- City: Dover, New Hampshire
- League: AEHL
- Operated: 2007-2008
- Home arena: Dover Ice Arena
- Colors: Teal, Gray, and Black
- General manager: Ron Brousseau
- Head coach: Ron Brousseau

Franchise history
- 2005-2007: Exeter Seawolves
- 2007-2008: Dover Seawolves

= Dover Seawolves =

Former ice hockey team in Dover, New Hampshire

The Dover Seawolves were an independent Junior A ice hockey team that played in the America East Hockey League.

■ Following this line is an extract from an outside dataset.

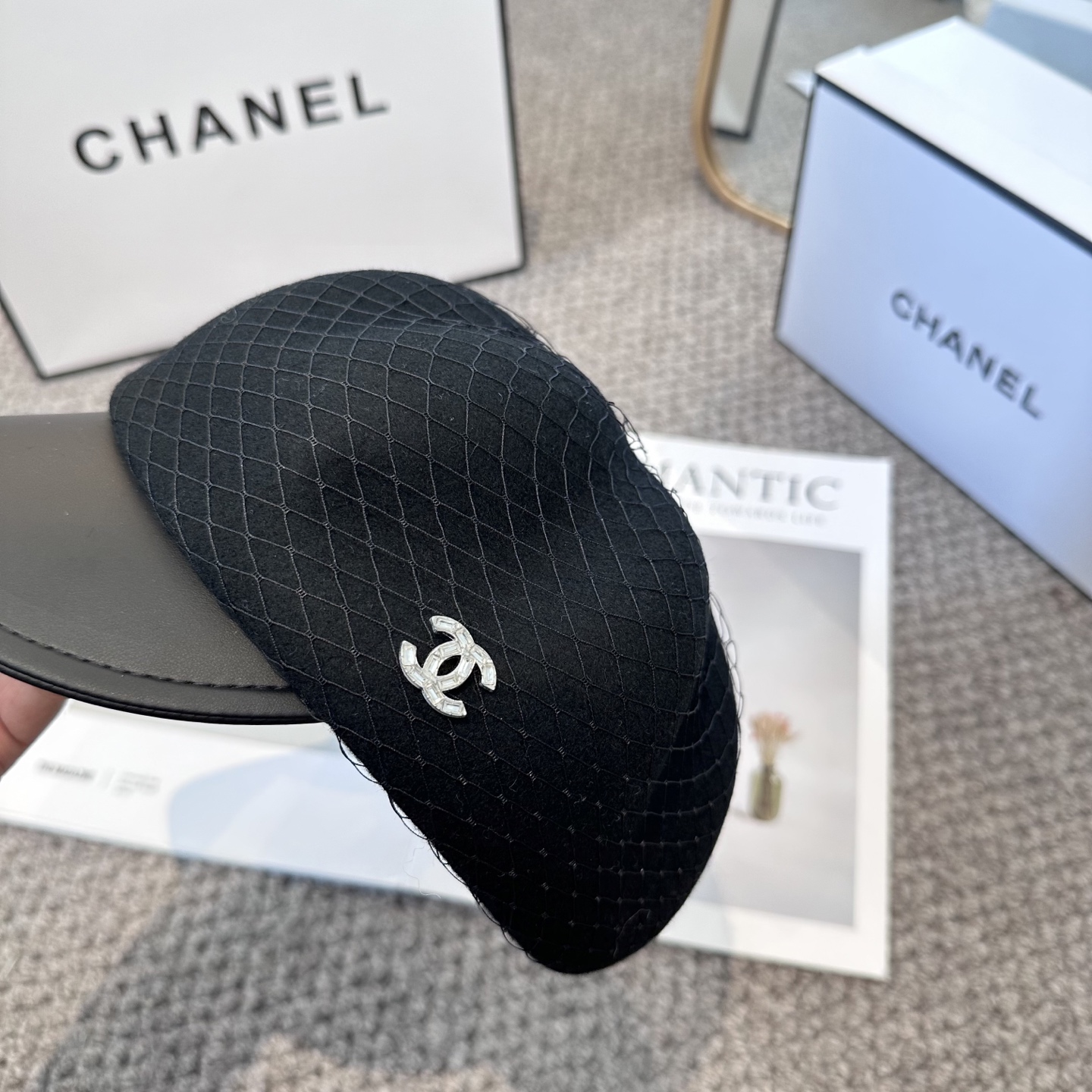  CHANEL 香奈儿 高定新款秋冬款八角帽出货，大牌款超好搭配，赶紧入手！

The team played home games at the Dover Ice Arena in Dover, New Hampshire.

==Team history==
The Seawolves franchise joined the AEHL for the league's first season in 2005 as the Exeter Seawolves, playing from 2005 to 2007 and in Exeter, New Hampshire. The team participated in the America East Hockey League as well as exhibition games against college teams to help players gain experience. The Dover Seawolves folded after the 2007–08 season.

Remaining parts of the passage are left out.